## The problem
What lines in the entries hold the string "Universal"? List them.

(Recorded data)

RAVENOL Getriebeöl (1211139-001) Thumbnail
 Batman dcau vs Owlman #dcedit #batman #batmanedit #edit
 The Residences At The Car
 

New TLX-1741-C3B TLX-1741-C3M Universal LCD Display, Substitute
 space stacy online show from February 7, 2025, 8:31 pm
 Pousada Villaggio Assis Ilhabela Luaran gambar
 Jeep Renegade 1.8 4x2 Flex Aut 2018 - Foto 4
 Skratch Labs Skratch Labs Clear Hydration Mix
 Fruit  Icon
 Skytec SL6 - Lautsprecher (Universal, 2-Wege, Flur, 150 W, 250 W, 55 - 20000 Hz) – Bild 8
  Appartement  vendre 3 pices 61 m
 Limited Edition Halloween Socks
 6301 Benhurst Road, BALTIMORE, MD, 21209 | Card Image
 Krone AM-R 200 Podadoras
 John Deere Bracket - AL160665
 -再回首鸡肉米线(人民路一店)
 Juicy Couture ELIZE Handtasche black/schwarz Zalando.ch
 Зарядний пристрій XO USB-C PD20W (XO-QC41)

(End Recorded data)

## The answer
New TLX-1741-C3B TLX-1741-C3M Universal LCD Display, Substitute
 Skytec SL6 - Lautsprecher (Universal, 2-Wege, Flur, 150 W, 250 W, 55 - 20000 Hz) – Bild 8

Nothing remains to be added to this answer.